_THE PROBLEM_
Directions for the data below: repeat exactly the lines from the one with "2 Euro Commemorative" through the one with "2017 Nissan Sentra", both included, and omit all pictures.

_DATA SECTION_
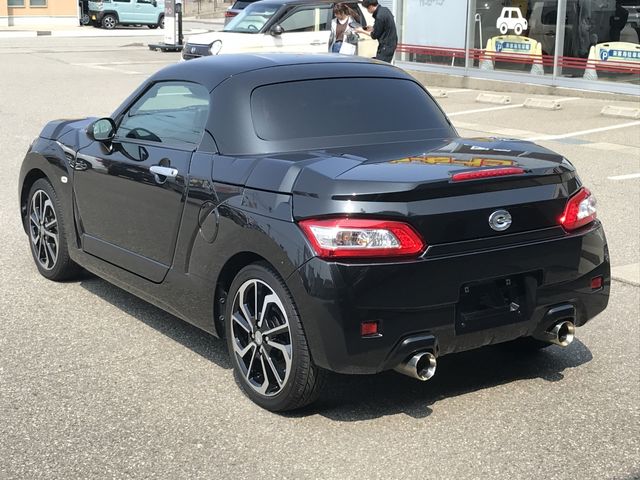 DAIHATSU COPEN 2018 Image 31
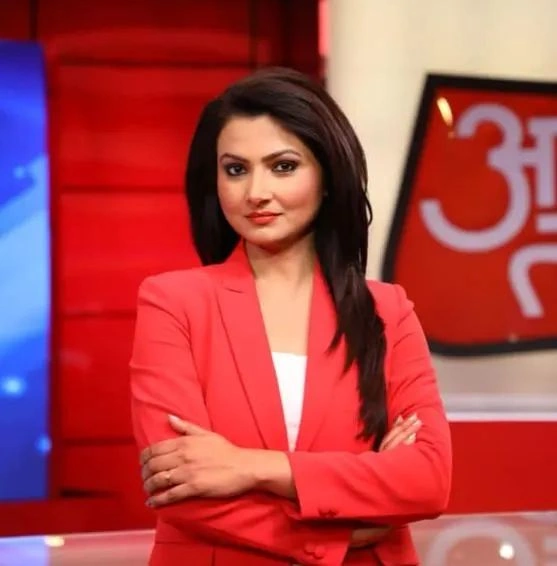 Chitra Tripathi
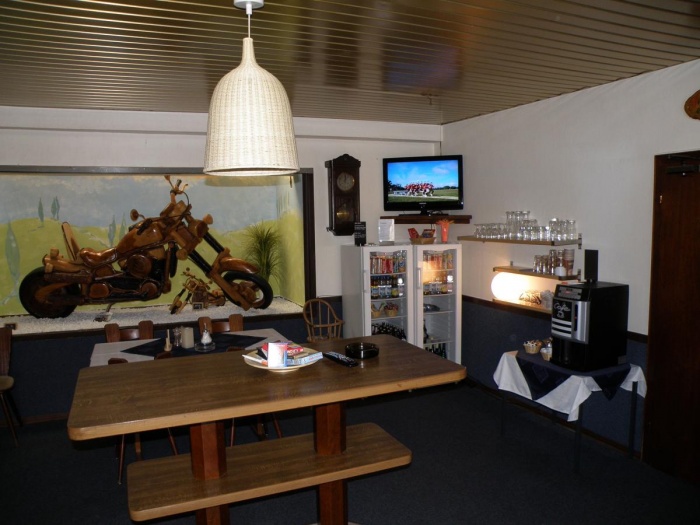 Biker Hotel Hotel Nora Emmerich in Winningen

...

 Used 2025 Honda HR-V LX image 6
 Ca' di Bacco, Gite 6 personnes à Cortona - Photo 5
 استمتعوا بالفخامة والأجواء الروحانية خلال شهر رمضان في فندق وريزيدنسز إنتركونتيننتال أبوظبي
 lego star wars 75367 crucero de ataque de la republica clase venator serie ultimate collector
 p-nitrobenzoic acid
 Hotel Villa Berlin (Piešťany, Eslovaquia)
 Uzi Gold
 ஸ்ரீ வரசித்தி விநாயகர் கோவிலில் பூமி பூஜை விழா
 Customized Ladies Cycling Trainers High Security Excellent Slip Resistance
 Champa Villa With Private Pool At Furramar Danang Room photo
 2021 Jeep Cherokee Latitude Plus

...

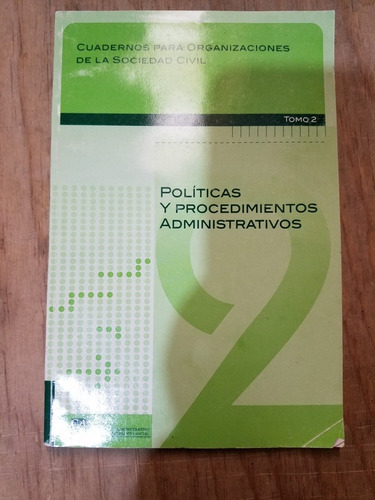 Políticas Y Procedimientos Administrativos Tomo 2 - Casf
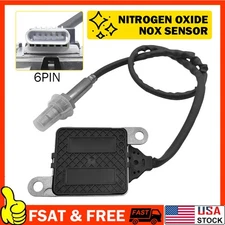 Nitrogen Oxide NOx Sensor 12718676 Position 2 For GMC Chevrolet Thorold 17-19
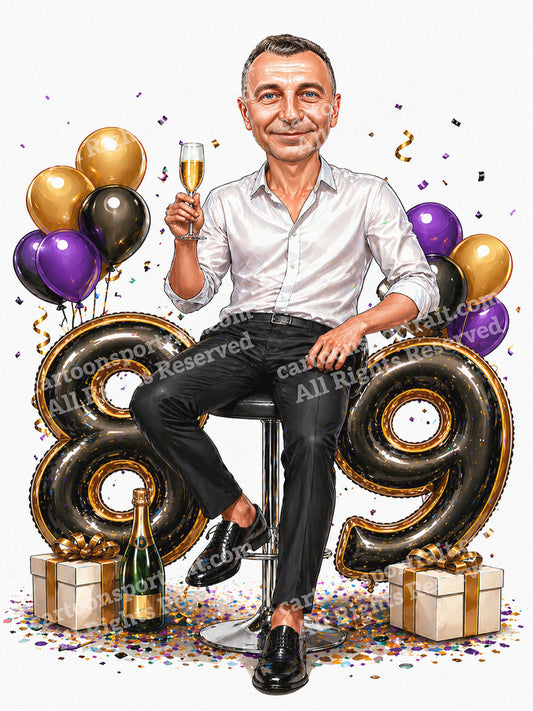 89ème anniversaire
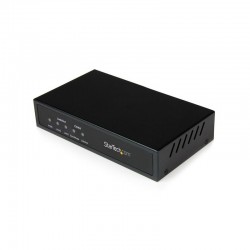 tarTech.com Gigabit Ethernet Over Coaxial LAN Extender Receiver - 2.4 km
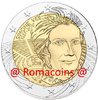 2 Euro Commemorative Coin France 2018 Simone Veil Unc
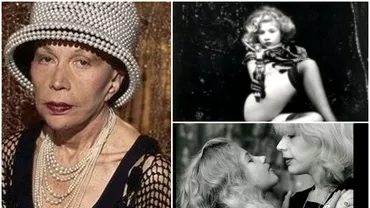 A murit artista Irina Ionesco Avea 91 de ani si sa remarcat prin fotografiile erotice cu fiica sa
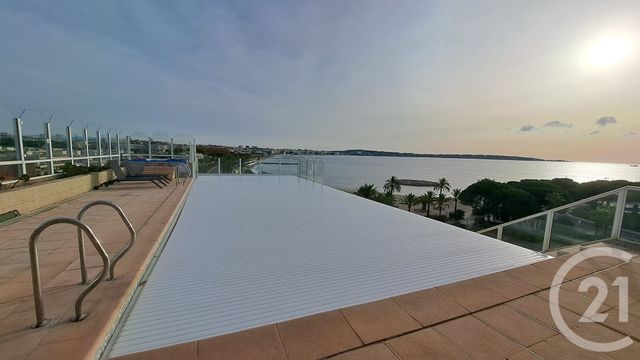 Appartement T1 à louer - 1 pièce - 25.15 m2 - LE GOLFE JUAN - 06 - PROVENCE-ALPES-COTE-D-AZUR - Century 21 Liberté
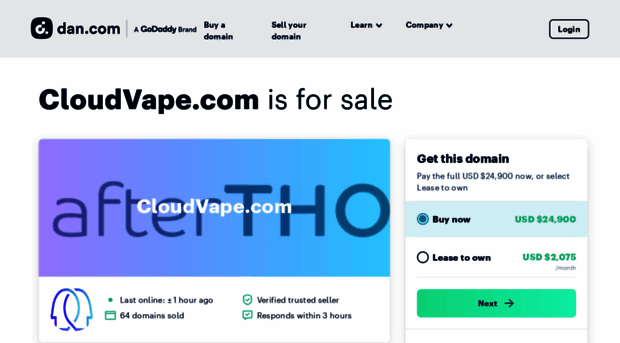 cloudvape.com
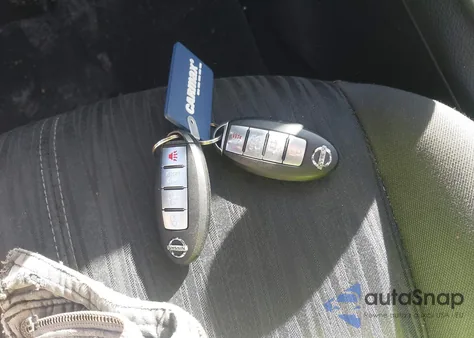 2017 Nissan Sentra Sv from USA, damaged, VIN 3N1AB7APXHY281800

_TASK ANSWER_
 2 Euro Commemorative Coin France 2018 Simone Veil Unc
 A murit artista Irina Ionesco Avea 91 de ani si sa remarcat prin fotografiile erotice cu fiica sa
 Appartement T1 à louer - 1 pièce - 25.15 m2 - LE GOLFE JUAN - 06 - PROVENCE-ALPES-COTE-D-AZUR - Century 21 Liberté
 cloudvape.com
 2017 Nissan Sentra Sv from USA, damaged, VIN 3N1AB7APXHY281800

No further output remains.